Rights of the Strong and Rights of the Weak: the Doctor at the Stake
Prof. Dr. Gonzalo Herranz, Department of Bioethics, University of Navarra, Pamplona, Spain
Round Table on Medicine and the State
Congress on Medicine and Human Rights
World Federation of Doctors who Respect Human Life
Rome, December 1-3, 1989
I would like to share with you today some of my worries and hopes. Ours is an exciting time: never before have we doctors been offered more promising opportunities and more appealing challenges, but never have we been threatened by so many risks and dangers. I am deeply convinced that this time we have been given to live in is the best of all, but it is also a season of contradictions. Never before have we doctors had at our disposal more wonderful means to care and cure, but never have we been more forgetful of the ends of Medicine. Enormous amounts of money are spent in the care of important people and, at the same time, austere stinginess is exercised in the delivery of health services to the poor and the frail. At no other time there has been so much talk about human rights and never before human rights have been more disregarded.

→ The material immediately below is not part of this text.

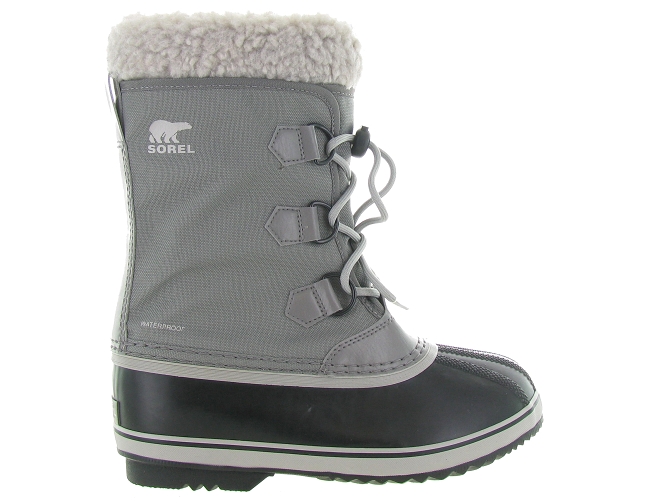 apres ski bottes fourrees -  - mixte fille gars - Nylon - Gris - Sorel9509317_2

One thing is clear: there is a double-talk in the realm of human rights. Many influential international agencies and health care administrators act in a two-faced way. They pay lip-service to human rights rhetoric, launch “health for all” campaigns, and promulgate new and lofty-styled patient rights charts. But they are insincere. In cold blood, they degrade some people to the condition of non-persons, deprive unhappy children or aged people of humanhood and human rights, and discard them as unworthy to life. To justify such actions, they tell us that there is not enough money to pay for the needs of everyone. Applying the tools of social darwinism, parlamentarians and burocrats alike stealthily spoliate the weaker (the unborn and the feebleminded, the bodily handicapped, the elderly and the destitute) of their share, to get more and more for the stronger.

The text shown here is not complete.